(PROVIDED MATERIAL begins)
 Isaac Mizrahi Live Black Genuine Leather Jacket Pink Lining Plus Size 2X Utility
(PROVIDED MATERIAL ends)
(PROVIDED MATERIAL begins)
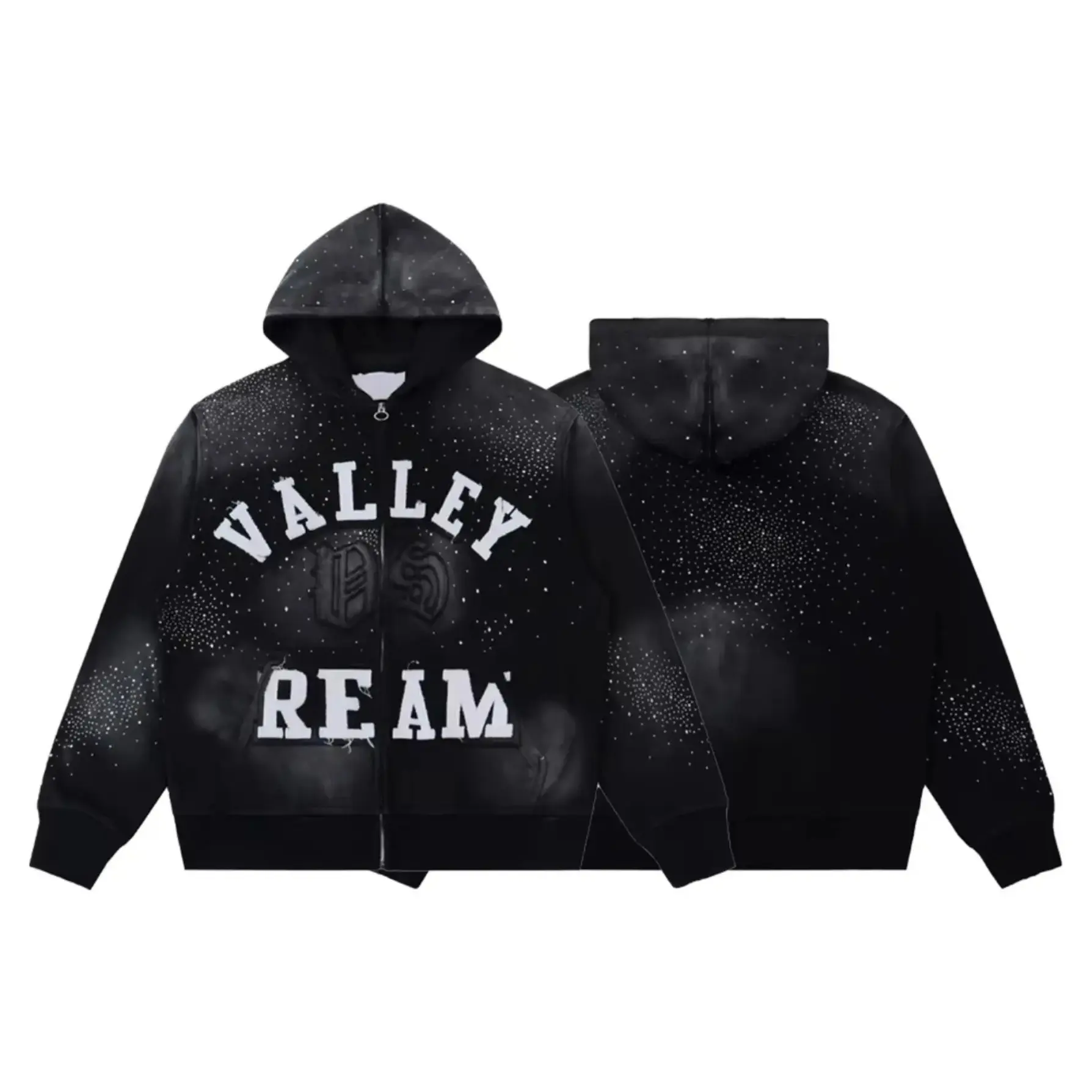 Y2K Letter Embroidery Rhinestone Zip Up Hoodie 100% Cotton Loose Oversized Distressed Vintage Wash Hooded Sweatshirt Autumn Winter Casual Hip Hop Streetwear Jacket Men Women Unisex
(PROVIDED MATERIAL ends)
(PROVIDED MATERIAL begins)
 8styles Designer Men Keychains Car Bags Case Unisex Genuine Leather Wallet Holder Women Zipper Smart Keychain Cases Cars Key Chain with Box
(PROVIDED MATERIAL ends)
> [YOUR ASSIGNMENT]:
How many lines of the listing include the string "Leather"? Respond with the number only.

> [SOLUTION TO THIS TASK]:
2